JdeBP> I notice that before you wrote that, we were getting
JdeBP> two messages in reply to everything; but after you
JdeBP> wrote it, we started getting four messages in reply
JdeBP> to everything. (-:

P> [...] Geez, M wasn't even referring to the cross posting [...]

... and neither was I.

m

unread,
Nov 15, 2007, 1:31:36 PM11/15/07
to
Yes I am extending the discussion to include all kinds of data structures
besides queues; and yes there are various ways to protect them. No I don’t
really want to discuss them in detail, I just wanted to put something out
there to see if I could tweak someone’s interest ;)

Thread pre-emption is important on all pre-emptive multi-tasking operating
systems regardless of how many CPUs are present in the system. The
importance of this consideration lies in the fact that between any two
instructions executed by thread A, thread B may have executed a large number
of instructions (either on this CPU or on another one) or none at all. The
reason this is, implicitly, important is that, even though one could use a
lock-free algorithm for nearly anything, they are specifically designed for
HPC scenarios with multiple produces & multiple consumers (or more
generally, multiple modifiers).

Lock-free is not a forward progress guarantee. Lock-free, a misnomer, is an
idiom in which software locks are replaced with hardware locks because they
are, presumably, more efficient. This efficiently is achieved, if by
nothing else, by being smaller (one instruction vs. hundreds) and by
avoiding interaction with the OS scheduler.

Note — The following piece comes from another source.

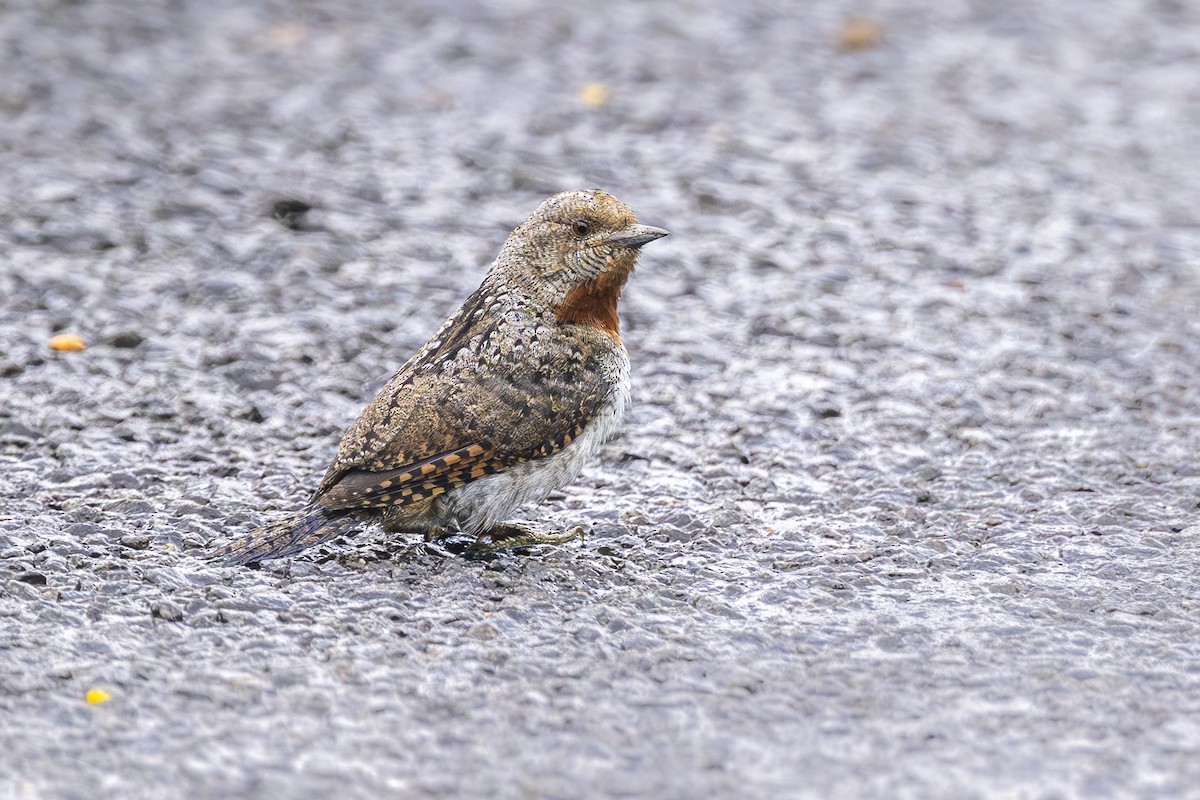 Red-throated Wryneck - Lucas Lombardo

Lock-free algorithms must
provide a forward progress guarantee, otherwise they would cease to function
under contention, but that guarantee, in and of itself, does not make an
algorithm lock-free and hence does not define the idiom.


"Joe Seigh" <jsei...@xemaps.com> wrote in message
news:JUV_i.7973$WM.837@trndny05...

Chris Thomasson

unread,
Nov 15, 2007, 2:37:08 PM11/15/07
to
"m" <m@b.c> wrote in message news:uCb9BX7J...@TK2MSFTNGP02.phx.gbl...
[...]

>
>
> Lock-free is not a forward progress guarantee. Lock-free, a misnomer, is
> an idiom in which software locks are replaced with hardware locks because
> they are, presumably, more efficient. This efficiently is achieved, if by
> nothing else, by being smaller (one instruction vs. hundreds) and by
> avoiding interaction with the OS scheduler. Lock-free algorithms must
> provide a forward progress guarantee, otherwise they would cease to
> function under contention, but that guarantee, in and of itself, does not
> make an algorithm lock-free and hence does not define the idiom.
[...]

I think you should look at the differences between wait-free and lock-free.
Wait-free means that the operation will complete within a finite number of
steps, in other words, there are no loops. Lock-free implies conditional
looping. You can get into live-lock under certain scenarios. For instance, a
live-lock can ensue if the reservation make by a load-linked is constantly
invalided before the store-conditional get to execute. A PowerPC manual
mentions some of this wrt false-sharing messing with the reservation. That's
why STM is so prove to live-lock... STM is like LL/SC with huge reservation
granules.

Chris Thomasson

unread,
Nov 15, 2007, 3:14:10 PM11/15/07
to
One could theoretically open themselves up to live-lock conditions if they
did not take this into consideration when implementing certain lock-free
algorithms on PPC. For instance, if the anchor of a lock-free LIFO was not
the size of a cache-line, and was not aligned on a cache-line boundary you
could get "false-sharing" on the anchor. I don't have much experience with
PPC, but it seems that false-sharing could break reservations on the anchor
and adversely affect forward progress, and might cause live-lock like
conditions...

m

unread,
Nov 15, 2007, 3:40:36 PM11/15/07
to
Lock-free & wait-free are independent idioms which, in certain algorithms,
can overlap. Except that lock-free doesn’t imply conditional looping, this
is an attribute of many algorithms that are lock-free not a defining
property of the idiom, your definitions are reasonable; so what am I
missing?

The fact that on certain architectures, false-sharing can adversely affect
performance is a consideration in implementation and algorithm choice.
Specifically, don’t choose an algorithm that is hard to implement or
performs badly on your target architecture ;)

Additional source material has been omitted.